Soooo. I was going to write this post a couple of days ago on Sunday, but some kind soul decided to douse me with beer from the passenger seat of his mate’s car while I was walking back to my flat. Cleaning the errant beverage from my clothes and myself, it turns out, is not an activity particularly conducive to getting in the mood to write. Some rest and a few episodes of Deep Space Nine later, I’m feeling a bit better, so here we are.

It’s been a bit of a low energy week for me in general, so I’ve been more focused on doing some reading and getting some smaller, less challenging work done. For example, I’ve tried to make this site a little more readable and added a form for folks to subscribe by email if they prefer. I haven’t done so much with my chess engine this week, but the FEN parsing and a basic UCI implementation are done so I just need to crack on with the move generation. I think next week I’d like to try and pair on it with some more people, if for no other reason than having some company while I work on the slightly less interesting bits.

*hugs*

Thank you, Lily.

# category theory things

In other news, I’ve had some interesting chats with the category theory group this week, especially about some of the exercises in Milewski’s book. In particular, this one from the first chapter:

When is a directed graph a category?

This question confused a few people in the group, and in my opinion, rightfully so! Saying a directed graph is never a category seems to me a perfectly reasonable answer, in the same way a banana is never a grapefruit. A category simply has more structure than a directed graph – namely categories have composition – and there is no canonical way to add this structure to a digraph. To use a programming analogy, I might ask when a block of memory is a struct.

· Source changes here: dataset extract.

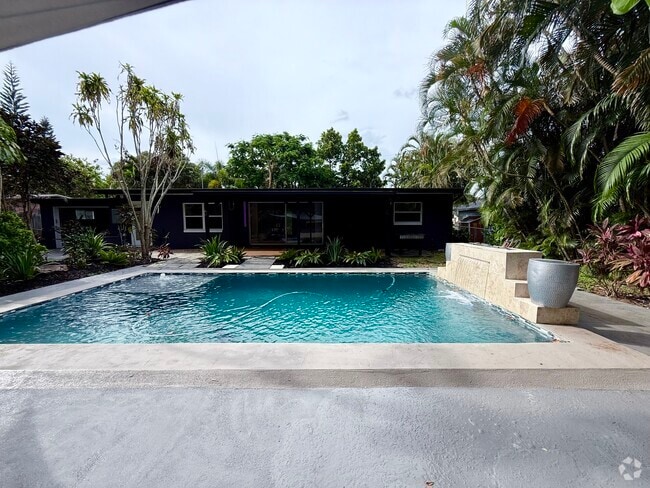 Building Photo - 414 Bywater Dr Rental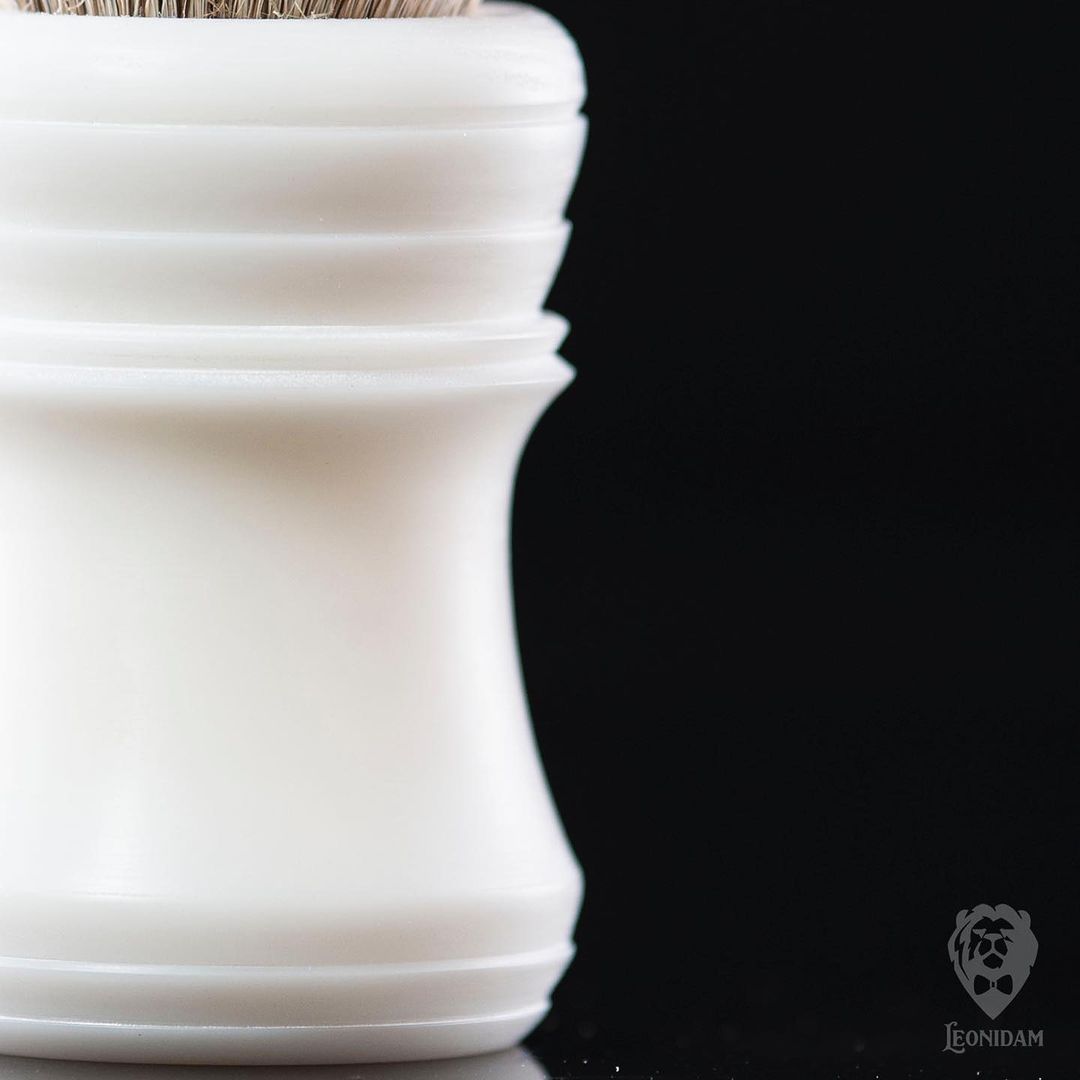 Handmade shaving brush "Fujisan", with matte white hand poured resin handle.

Right; a block of memory might be an instance of a struct, but you couldn't possibly know unless you knew what the struct was! If someone just handed you some raw bytes, then sure, you could turn it into a struct, but you'd have to choose which structure to impose on it. You can't just say yes or no without making some decisions first.

Exactly! So let’s weaken the question a little bit: can we turn any directed graph into a category?

Sure! Take the graph, throw it in the bin, and replace it with the empty category :D

I– yeah, I guess I can’t argue with that. I’m pretty sure the idea behind that question was to highlight the differences between a category and a directed graph: in a category, if we have any two composable morphisms, their composition must also exist; and every object must have a morphism, from it back to itself, that satisfies the identity laws. But instead, for our group, it ended up serving as a great example of why mathematicians are so insistent on being precise in wording our statements. My thanks to the category theory group for asking me some hard questions and making me think.

# wrapping up

Since I’m writing this post a little late, ‘next week’ is actually this week for me. Still, I have more than half the week left, so it still feels reasonable to talk about my plans. I’m very much enjoying my role in clarifying Milewski’s material for the rest of the reading group, so I’m tempted to put a bit of time into making some materials of my own to present. I’d love to see my chess bot actually playing a game of chess, so I’m going to try and push through writing the move generation code. And finally, Nicholas convinced me to give a talk with him on the basics of solving cryptic crosswords, so I’ll be writing up some notes for that. If it goes well, I might even turn it into a blog post!